Sunday, November 14, 2021

A plan to drill two more oil wells in Big Cypress Swamp is being challenged. (WUSF Public Media)

The Everglades needs oil drilling the way a moose needs a hat rack. 

Already cursed with Big Sugar environmental pollution, the Everglades does not need any more polluition by Big Oil. 


From WUSF:  


A plan to drill two more oil wells in Big Cypress Swamp is being challenged

An environmental advocacy group is challenging a plan to drill two more oil wells near the Everglades in the Big Cypress Swamp.

State environmental regulators last week denied a request by an oil company to drill wells near the Everglades.

But another company wants to drill two wells in the nearby Big Cypress National Preserve.

The drilling is being opposed by the environmental advocacy group Earthjustice.

Tania Galloni, an attorney with the Florida office of Earthjustice, says it's part of a larger challenge to a move done at the end of the Trump administration to transfer authority to bulldoze wetlands to Florida.

Galloni says the state has been lax in protecting wetlands.

"If you consider that Florida is at one of the greatest threats of sea level rise and climate change from intensifying storms," Galloni said, "the idea that we would drill for oil at all — and begin new drilling in the Everglades, one of the most ecologically sensitive parts of the state and for the region — it really makes no sense at all."

The above video is courtesy of Save Big Cypress and Earthjustice. It shows cypress trees and endangered flora mowed down by oil trucks inside Big Cypress National Preserve. Video obtained by Freedom of Information Act request by NRDC.
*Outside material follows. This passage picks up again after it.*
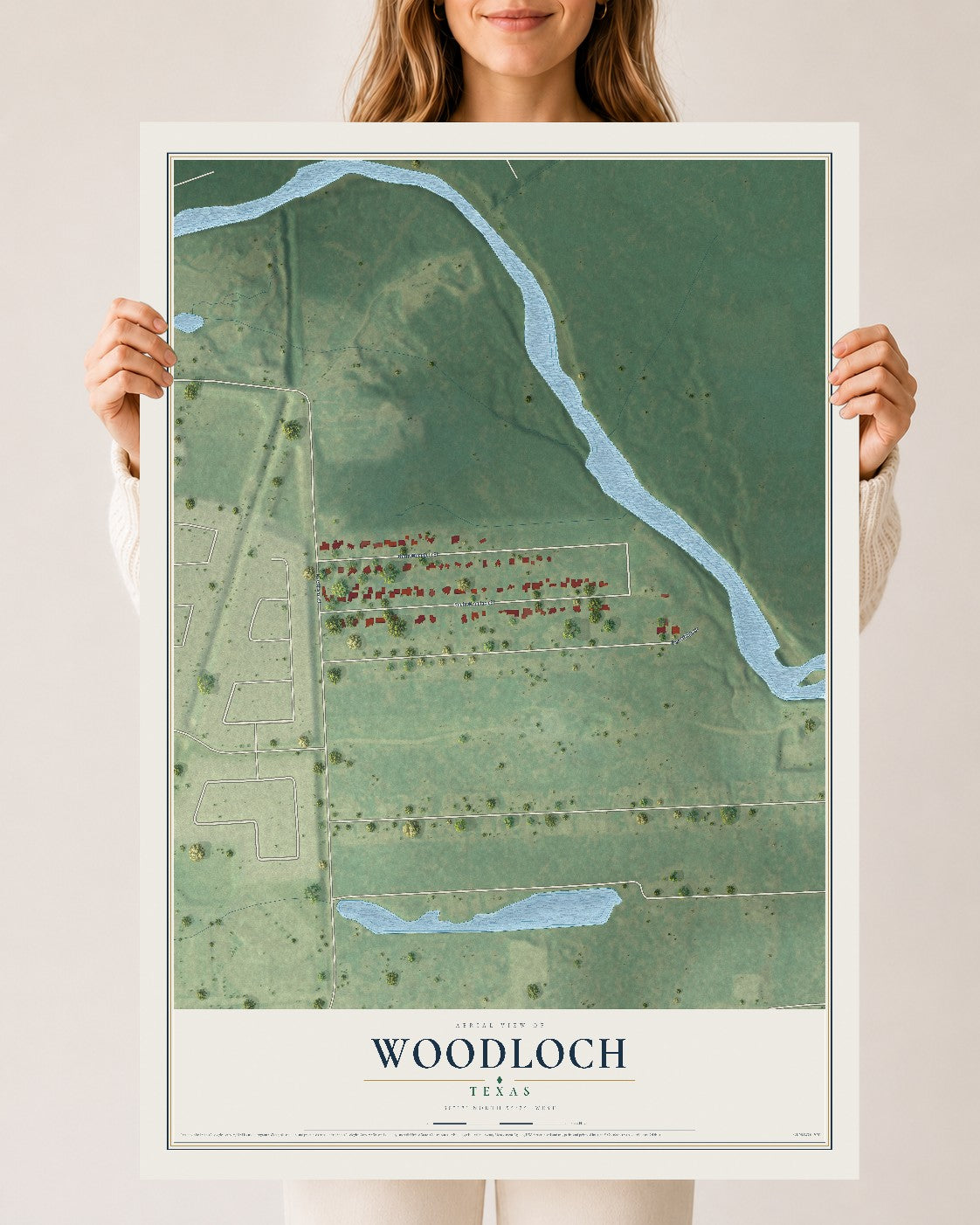 Map of Woodloch, Texas, 24 x 36 inch unframed archival matte print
Galloni said the same oil company did seismic exploration several years ago, and there's concern about how much environmental damage that caused.

"We're also in a situation where people are finally starting to recognize the climate crisis that we're in," Galloni said. "And so the idea of — in Florida, of all places — to start new oil drilling, and to do it in the country's first national preserve, is pretty concerning."

She says another permit from the National Park Service is needed before Burnett can begin drilling.

Nine wells have been pumping oil from a small section of the Everglades since the early 1940s. It produces low-grade crude mostly used for lubrication and paving roads.